Statue by William W. Story in San Francisco, California, U.S.

A memorial statue of Francis Scott Key stood in Golden Gate Park, San Francisco, in the U.S. state of California, from 1888 until 2020.

==Original monument==
The monument to Francis Scott Key was commissioned by San Francisco businessman James Lick, who donated some $60,000 for a sculpture of Key to be raised in San Francisco's Golden Gate Park. The nation's first memorial to Key, it consisted of a sculpture of the seated Key, within a travertine monument displaying text from "The Star-Spangled Banner", and surmounted by a statue of Columbia and four eagles.

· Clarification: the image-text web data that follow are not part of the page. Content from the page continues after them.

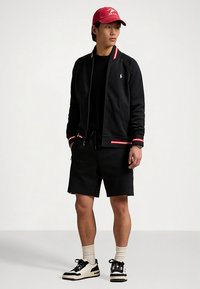 Juoda striukė su užtrauktuku, puošta raudonomis ir baltomis juostelėmis, derinama su juodais šortais ir juodai baltais sportbačiais. Raudona kepurė užbaigia aprangą.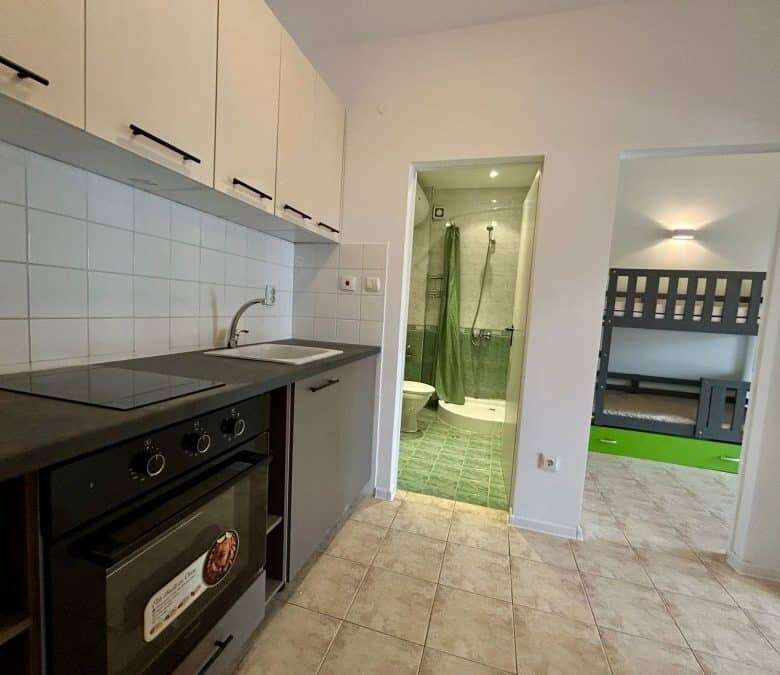 Bright interior of a 2-bedroom top floor apartment near the sea in Sveti Vlas. Modern kitchen, compa.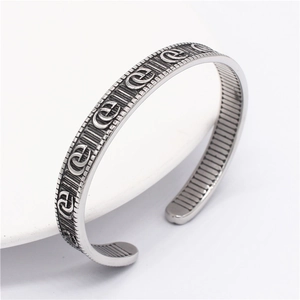 Détail macro du bracelet jonc en acier titane rétro avec motifs de chaîne gravés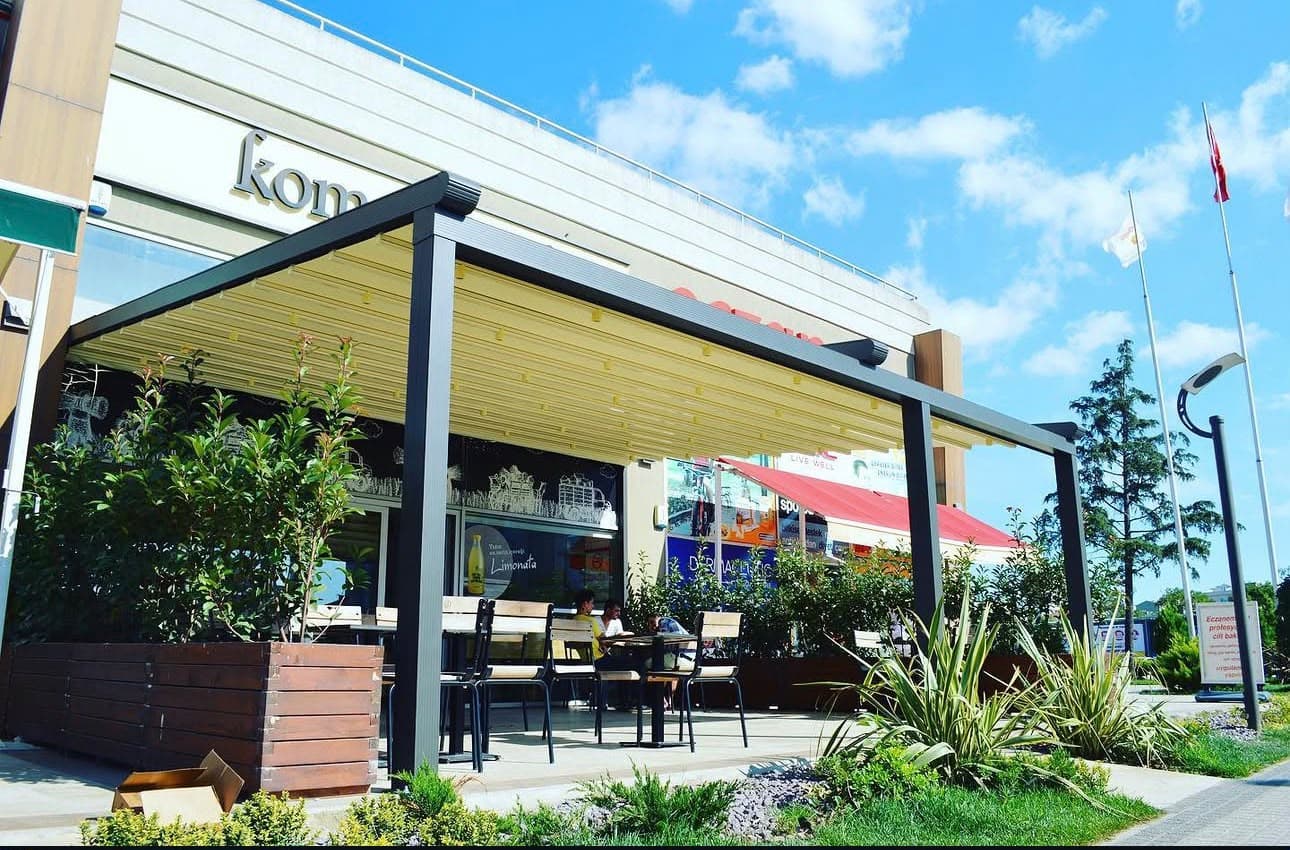 Restoran terasında antrasit alüminyum profilli, krem blackout kumaş tavanlı Pergola Sistem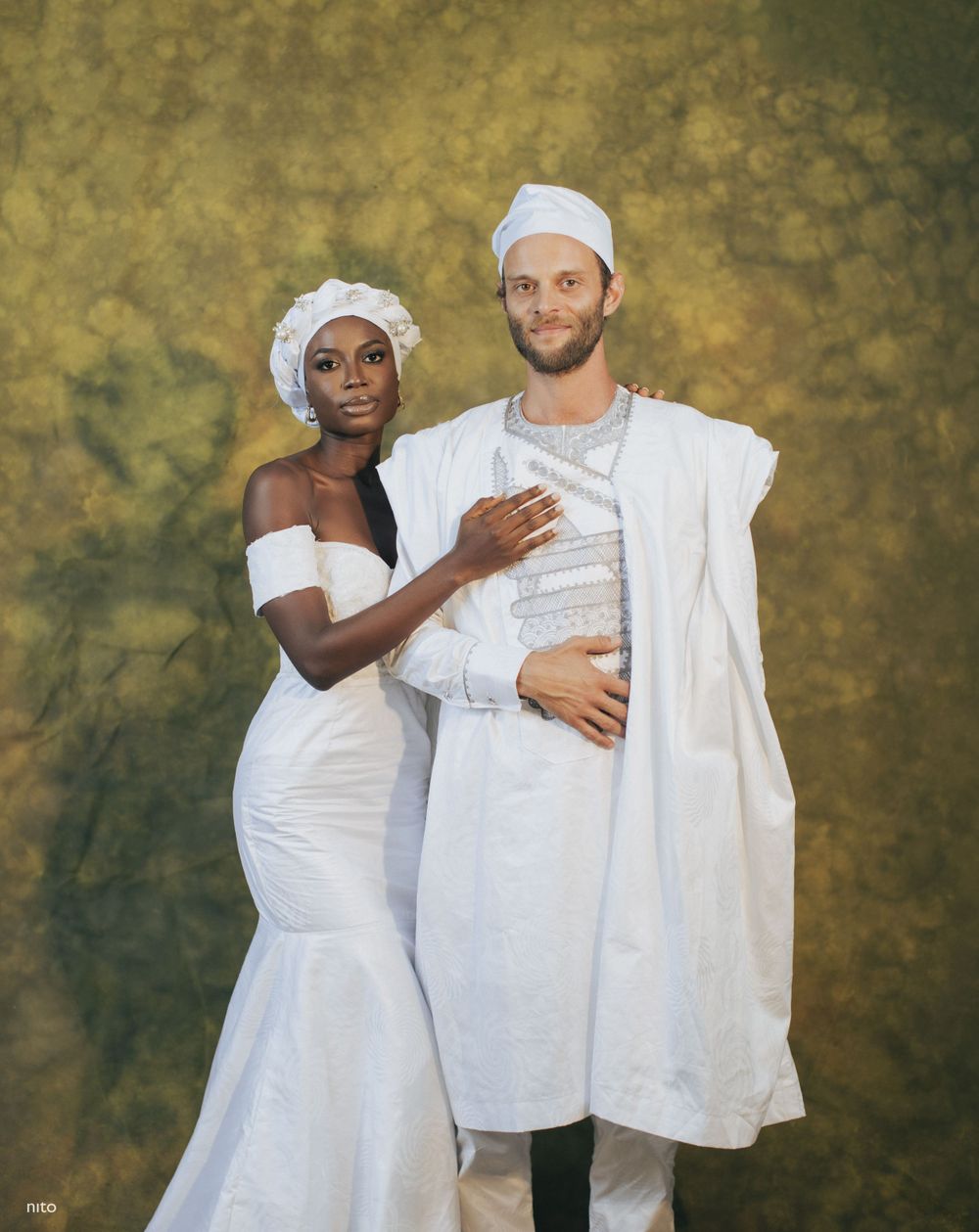 A couple in traditional white wedding attire posing together against a golden backdrop.
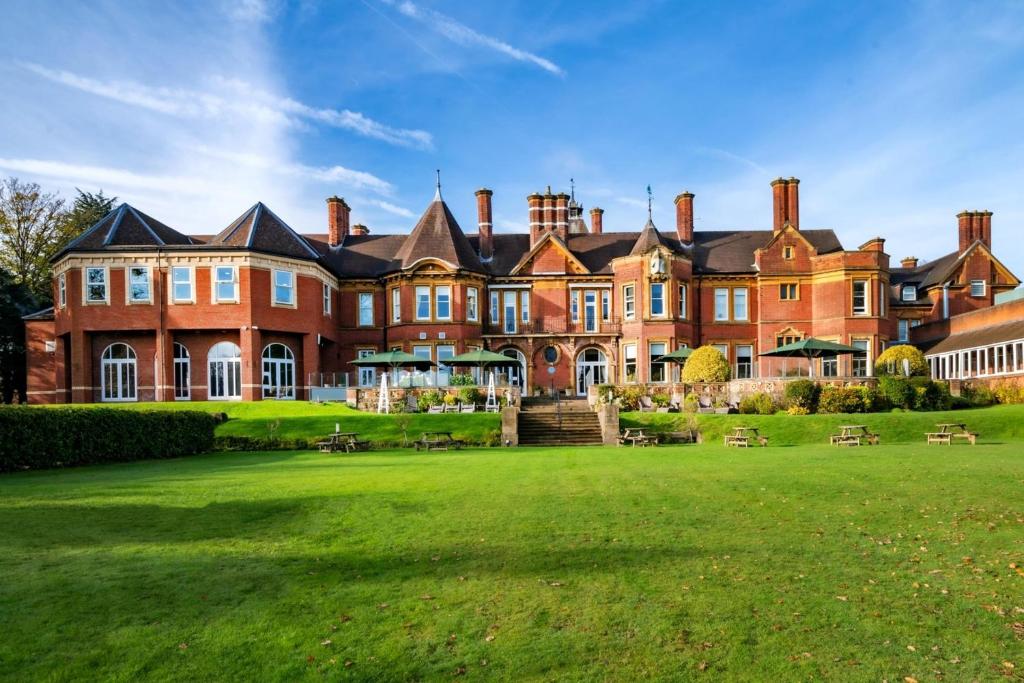 a large red brick building with a grass yard at Birmingham North Moor Hall Hotel BW Premier Collection in Sutton Coldfield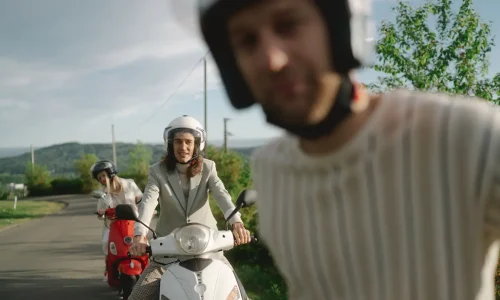 Deux personnes en scooter sur route verdoyante, reflet des questions liées au tarif d’une assurance scooter 125.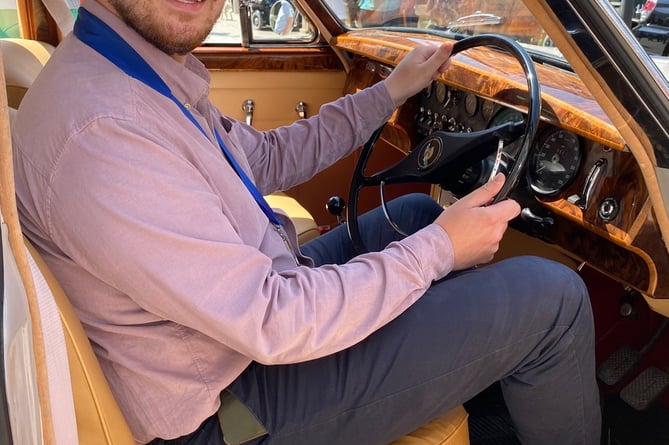 Cllr Alex Hall at the wheel of a Mk II Jaguar that caught his eye at the Newton Abbot classic vehicle show.Picture: NATC (28-5-23)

It was executed by sculptor William W. Story in Rome during 1885–1887, transported to San Francisco, and unveiled on July 4, 1888, near a new music stand.

In the San Francisco earthquake of 1906, the monument was damaged and, when repaired, it was re-erected in a more prominent position in the park, on the south side of the Music Concourse. In 1967 it was dismantled and taken into storage to allow further expansion of the nearby California Academy of Sciences. When restored to public view, on July 4, 1977, it was placed in yet another location, at the eastern end of the Music Concourse. In the 2010s, the city of San Francisco completed a $140,000 renovation of the Key monument.

==Removal and Monumental Reckoning==
The statue was toppled by vandals on June 19, 2020, in the wake of the murder of George Floyd. A year later, on Juneteenth 2021, sculptor Dana King unveiled Monumental Reckoning, comprising 350 sculptures encircling the plinth of the empty monument. These 4 feet (1.2 meters) high sculptures represented the first Africans kidnapped from their homeland in Angola and sold into chattel slavery in Virginia in 1619. The words "Lift Every Voice" were also installed above the Spreckels Temple of Music in honor of the civil rights activist James Weldon Johnson, author of "Lift Every Voice and Sing", a hymn often referred to as the "Black national anthem". The sculptures stood until early 2024.